À ses côtés, l'octuor vocal, bien qu'efficace, n'est pas toujours homogène. En dehors des échanges solistes, bondissants et pleins de vitalité, et d'un relief littéralement organique (entendre instrumental dans la facture et la variété des attaques), les ensembles sont soigneusement équilibrés.
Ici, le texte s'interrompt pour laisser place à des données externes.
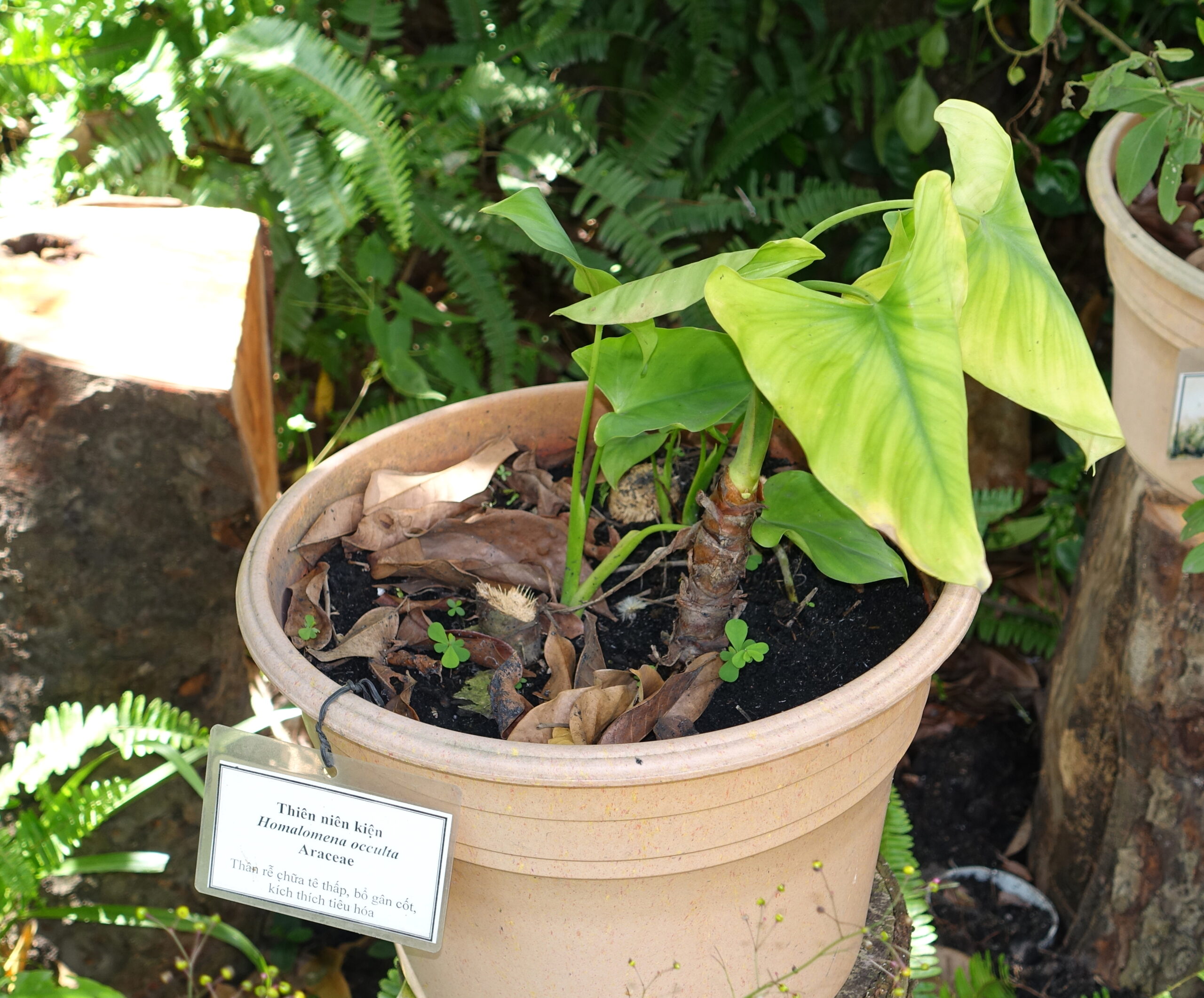 Homalomena : Est-ce que le même genre de plante a un nom différent dans chaque pays ?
On y remarque avant tout les basses Matteo Bellotto et Sergio Foresti qui offrent un socle robuste à toute l'exécution, le timbre du dernier cité s'avérant somptueusement coloré, doté d'une émission ferme et d'une projection parfaite qui rendent très présente cette voix attachante – quel relief dans Juravit Dominus du Psaume 109 ! Amené avec grande élégance, le Psaume 110, d'un caractère moins virevoltant, laisse dominer le texte qui se révèle essentiel : c’est l’imparable contre-démonstration à ceux qui continuent de penser qu'il aurait fallu attendre la musique de la Réforme pour que les compositeurs s'attachassent au sens des mots.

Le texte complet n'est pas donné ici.